While the global economy is complicated by multiple challenges, including rising interest rates in developed countries and geopolitical conflicts, the New Development Bank should play a bigger role to safeguard the financial stability and economic growth of developing countries, said experts and officials.

Chen Dongxiao, head of the Shanghai Institutes for International Studies, said the oversimplified and confrontational narratives in the international community undermine global cooperation and development. Multilateral banks, like the NDB, should play a bigger role to help achieve sustainable development goals, especially among developing countries, and approach financing from a global perspective.

Zhu Jiejin, a professor at the School of International Relations and Public Affairs at Fudan University, said multinational banks established by developed countries usually include additional clauses that may impair the interests of developing countries. The NDB differs from these banks by focusing more on South-South cooperation.

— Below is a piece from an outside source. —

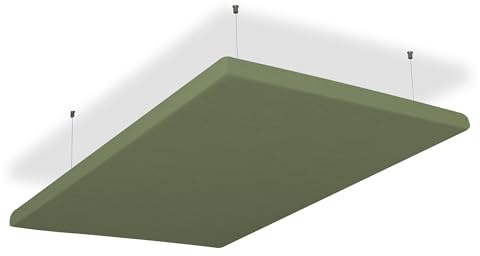 SILENT4® Plafond absorbant acoustique 114x72x5cm en non-tissé acoustique, montage par câble, acoustique améliorée prouvée par panneau acoustique en vert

Facing increasingly complicated and volatile international relations, the NDB's importance has risen in terms of providing strong support to emerging markets and developing countries for their infrastructure construction and sustainable development goals. Investment and financing in local currencies, which is a priority for the NDB, will help to attain those goals, he said.

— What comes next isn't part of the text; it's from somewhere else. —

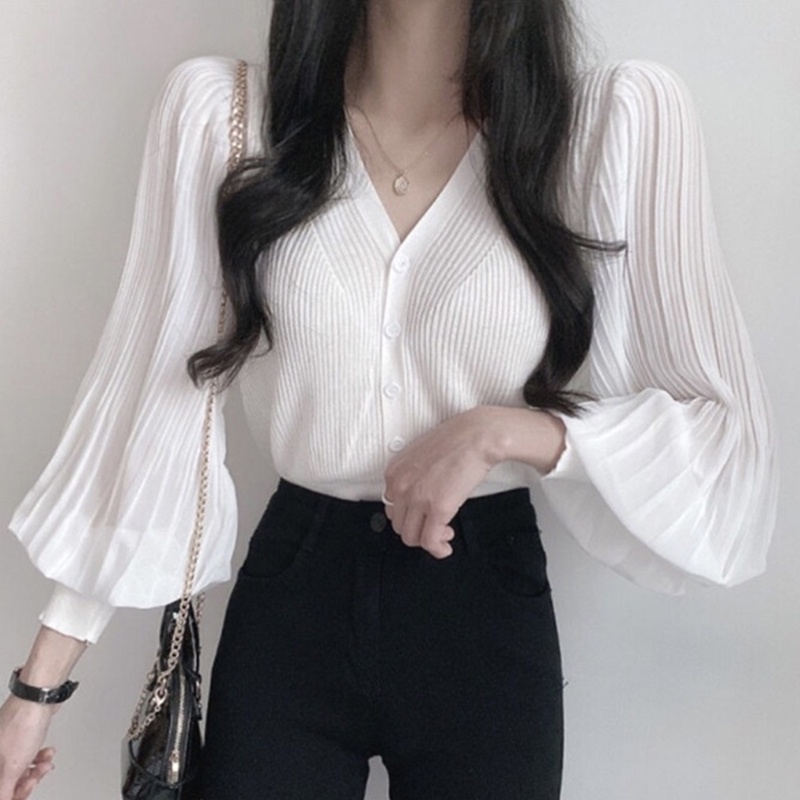 Áo kiểu Perty dệt kim tay dài cổ chữ V phong cách Hàn Quốc thời trang thu đông dành cho nữ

Yang Fan, chief policy analyst at CITIC Securities, agreed that traditional multinational banks have not helped stabilize the global financial market, given the fact that their actions and decisions are based on the US dollar in most cases. The NDB, whose foundation was a milestone under the BRICS cooperation mechanism, should expand local-currency settlements in the short term to further strengthen cooperation among its members and boost economic development, she said.

Dilma Rousseff, president of the NDB, said global financial stability, especially in emerging economies, has been hit hard by the weaponized US dollar, the aggressive interest spikes in the United States and the country's rising debt ceiling. She made the comments in an interview with China Central Television aired on Friday.

This has complicated the situation in emerging economies, which already face the challenges of credit shortages, inaccessibility to the capital market and nonchangeable currencies. But at the same time, they still need investment in infrastructure for transportation and digital networks to inject more job opportunities in the local markets and improve people's living standards.

Therefore, the NDB aims to expand local-currency settlement among its members to optimize the financing environment and allow its member states to participate in the capital market in a deeper and more active manner, rather than to counter the US dollar, she said.

Local-currency settlement has been a major trend from the global perspective as the world is heading for multipolarization, Rousseff added.

By the end of the first quarter of this year, local-currency financing represented approximately 21.5 percent of the NDB's portfolio. According to the bank's 2022-26 strategy released in May, 30 percent of its project financing will be denominated in the national currencies of its members.

In this way, developing economies will not have to experience repeated debt spikes due to the greenback's extreme exchange rate fluctuations, said Rousseff.

Founded by Brazil, Russia, India, China and South Africa in 2014 with the purpose of mobilizing resources for infrastructure and sustainable development projects in emerging markets and developing countries, the NDB opened in July 2015, with its headquarters in Shanghai.

Aside from the five BRICS nations, the bank has included Bangladesh, the United Arab Emirates, Egypt and Uruguay on its list of members over the past few years. According to a Financial Times report in late May, the NDB is holding talks to admit Saudi Arabia as a new member.